ADR-0011 — Catalog port semantics across backends
- Status: Accepted
- Date: 2026-05-12
- Related specs:
01-architecture.md,03-pipelines.md§ Crash resume,06-deployment.md, ADR-0006, ADR-0007
Context
Section titled “Context”The catalog (trait Catalog) is implemented against at least three backends across topologies:
- Local SQLite — Topology 1 (CLI) and Topology 2 (single-VM daemon).
- Durable Object SQLite — Topology 3 (Cloudflare), per-project DO (ADR-0006).
- RDS Postgres — Topology 4 (AWS) and Topology 2.5 (multi-node self-hosted cluster) (ADR-0007).
DynamoDB is a planned M2.5 adapter; the same semantics apply.
The catalog carries load-bearing state: pipeline cursors, per-chunk leases (backfill), schema-evolution history, snapshot manifests, OTel-audit lineage edges. Semantic divergence across backends produces backend-specific bugs. Concrete examples:
SELECT FOR UPDATE SKIP LOCKED(the backfill chunk-claim primitive) does not exist in SQLite. The naïve port (BEGIN IMMEDIATE) has different contention semantics.- DO SQLite enforces single-writer per DO (i.e., per project) by construction. Local SQLite under
hakiri serveallows multiple in-process writers. RDS Postgres allows N-way write concurrency with row-level locks. - Postgres supports point-in-time recovery; SQLite point-in-time is only as good as the last on-disk snapshot.
The M2 success criterion (“the same hakiri.toml produces byte-identical Parquet on both clouds after a 24h soak”) requires the catalog to behave identically across backends — not just expose the same Rust API.
Decision
Section titled “Decision”We pin the trait Catalog contract as a small set of semantic invariants every backend must provide.

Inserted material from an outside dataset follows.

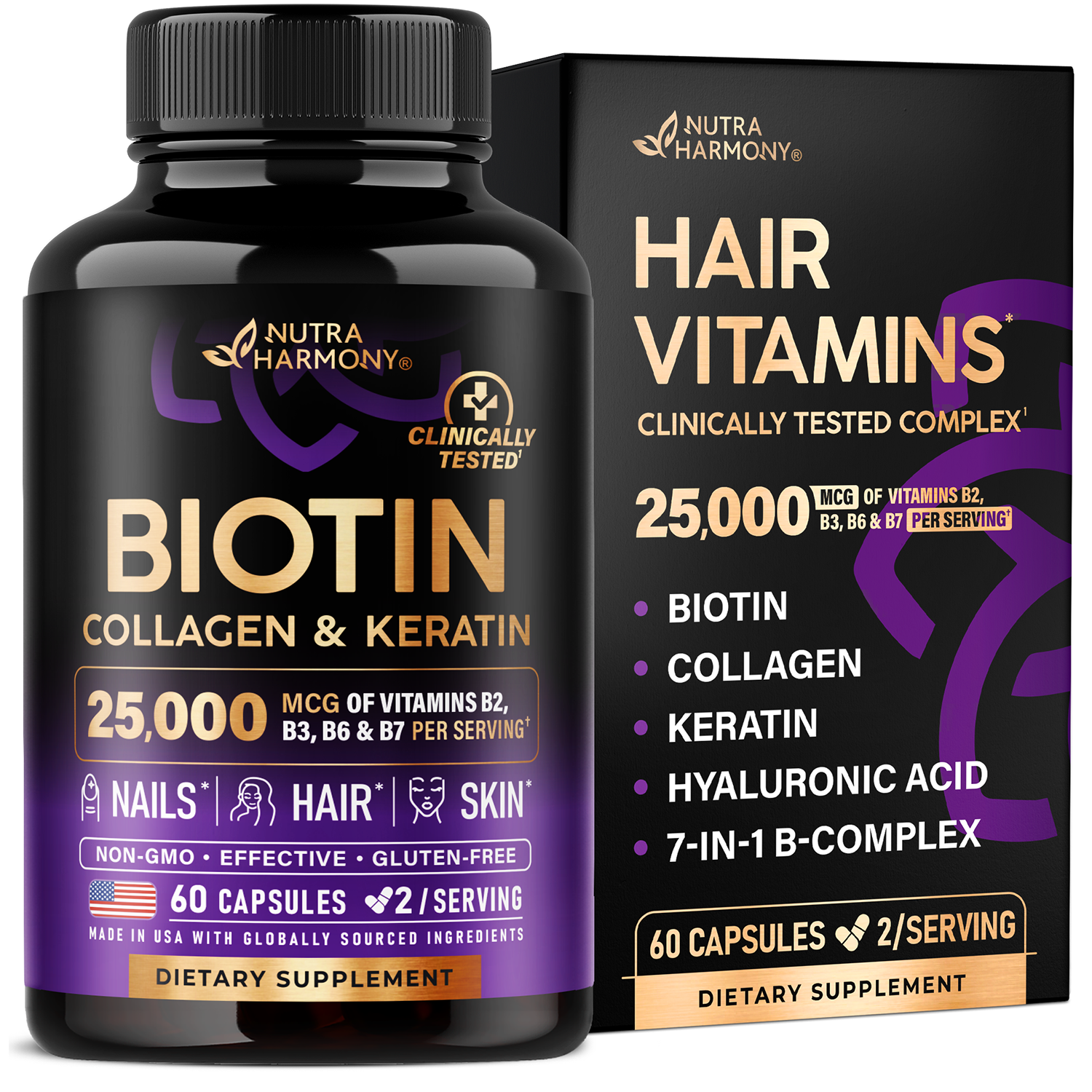 Biotin Vitamins with Collagen & Keratin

Each backend implements the contract using its native primitive; the contract is verified by a single conformance test suite run against all backends in CI.
The contract
Section titled “The contract”For every backend:
- Linearizability per
pipeline_id. All writes to rows keyed by a singlepipeline_idare linearizable. Two writes against the same pipeline_id appear in some total order to any reader. - Monotonic schema-history reads. Once a
schema_history(pipeline_id, version, schema_json, applied_at)row is written, no reader subsequently sees an older version of that row, and the version sequence is dense and monotonic. - At-most-once chunk dispatch. A
pipeline_chunks(chunk_id, attempt) → holder_noderow, once claimed, cannot be claimed concurrently by two workers. Two workers attempting to claim the same chunk produce exactly one success. - Append-only lineage edges.
lineage(run_id, record_id, source_run_id, ...)rows are append-only. The catalog refusesUPDATEorDELETEon this table — onlyINSERTandSELECT. - Atomic snapshot commit. A snapshot row (
snapshots(table, snapshot_ts, includes_runs, indexes, ...)) becomes visible to readers only after all referenced sidecar manifests are durable. The contract requires acommit_snapshot()API that performs this atomically. - Capability-token revocation epoch reads.
revocation_epochs(project, tenant, principal_class) → epochis read on every token verification. Reads must reflect writes within a bounded staleness window (default 60s; configurable). Stale reads are safe in that they allow extra access for the staleness window; the catalog never returns fresher revocation than truth, and never returns rows that were never written.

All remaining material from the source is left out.